RAID Solutions For Terrabyte Databases?
gullevek asks: "We are about to implement a huge database. In the first two years it will grow up to 650 GB and it will get larger and larger afterwards and could grow up to 2-4 TB. I never before implemented such a large DB. The DB Software has been choosen but now I have to find the right hardware. The basic components are not a problem, but what about storage? I would prefer to use RAID, of course, but what type of RAID? RAID 5 may be the best for disk failure, but it can be quite slow. RAID1 is fastest but the most expensive. Especially when it is at this sizes.
And what about the type of drive: SCSI-3? FCA? FibreChannel? Do you folks at Slashdot have any suggestions?"
Folks like EMC make their living selling, servicing, upgrading, and guaranteeing uptime for big systems like this.
Put the word out that you need a some RAID, and a service contract to go with it. Start talking with other folks who have similar sized solutions, and see who their vendor is.
The first thing is to talk to your DBA and get his/her input. DBAs, competant ones, have done a lot of this type of work in the past, and they'll have an enormous amount of help to provide you. They'll know your usage pattern by heart, and be able to provide you with some help as to usage.

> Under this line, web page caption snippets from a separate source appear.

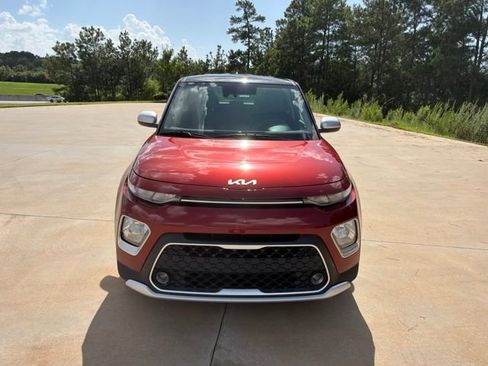 Used 2022 Kia Soul LX FWD image 2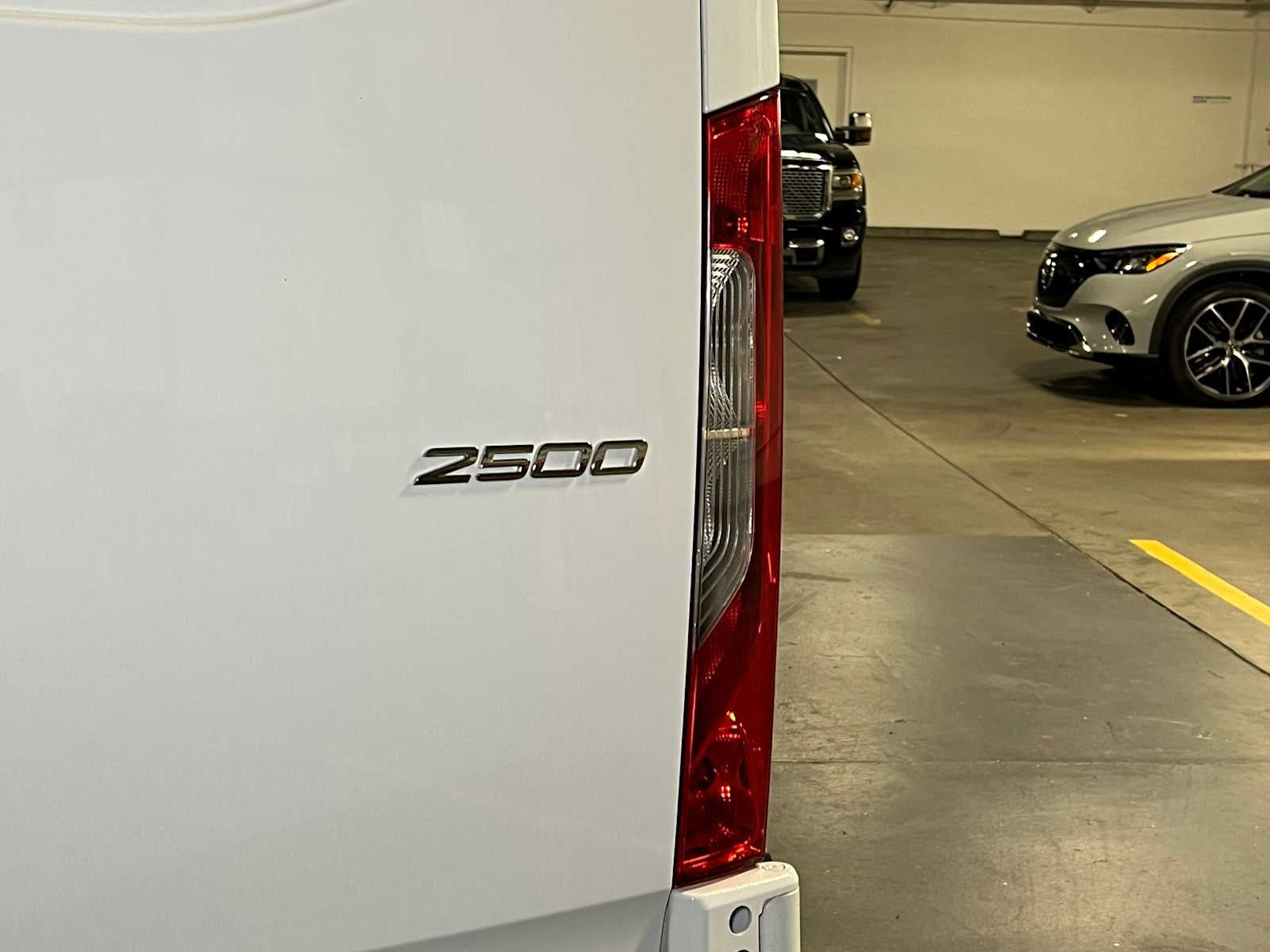 2025 Mercedes-Benz Sprinter 2500 Standard Roof I4 Diesel HO 144" RWD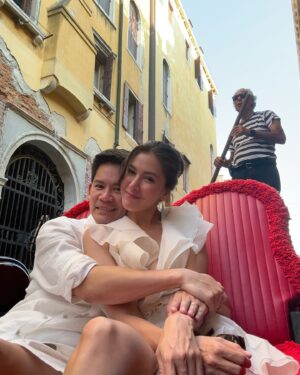 Sririta Jensen Instagram - Buongiono Venezia!! Babymoon trip🌙 Thank you so much my super sweet hubby🩷 Love you to the moon and back 🌕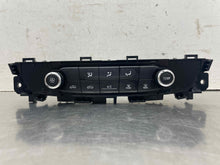 Load image into Gallery viewer, Temperature Controls Buick Regal 2018 - NW538462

The first thing to realize is that for most RDBMS usage patterns, RAID is a Very Very Very Bad Thing. But when I say "most", I mean "most with updates to live data."
RDBMS' use data in 4 main types of storage, and it's important to understand them:
- Main Table Storage. This is where your data actually "lives", and is ironically the least important storage wise.
- Temporary Table Storage. This is the storage space for temporary space and temporary tables, which is extremely useful for performance management.
- Index Storage. This is where data indexing structures live, and is extremely performance critical.
- Log Storage. This is where the log for your system lives (physical and logical) and is also extremely important for performance.
The most important thing for performance is to PHYSICALLY segregate ALL four types as much as possible. For example, if you're going into multi-terabyte databases, you might want all four types of data not just on different disk arrays (i.e. RAID controllers), but also on different SCSI channels, and different host adapters (i.e. multiple SCSI or FC-AL cards) altogether.You also want to bear in mind that your update speed is limited by the ability to handle log writes. Log writes aren't limited by bandwidth. They're limited by the latency of each disk. Every disk can handle a certain number of operations per second. Even if you add more disks in a RAID configuration, you're never going to be able to handle more transactions per second, because you're not increasing the number of operations of any of them, and all of them must be touched for every transactional write.
So with that in mind, allow me to recommend something:
The number one advice I can give is to consult with others. If you haven't done this before, there are people (your DBA, your database vendor, your hardware vendor, your systems integrator) who have. This is serious business, and not something to screw around with. Terabyte-level databases are still NOT so common that everyone can and should attempt them. Having terabyte-levels of data throughout an enterprise is, but in one application it isn't. You'll probably not get it right the first time, so take your time and consult with every one of your vendors on capacity and performance planning.
Not to be crass or mean, but if you're asking slashdot, you probably shouldn't be doing this all by yourself.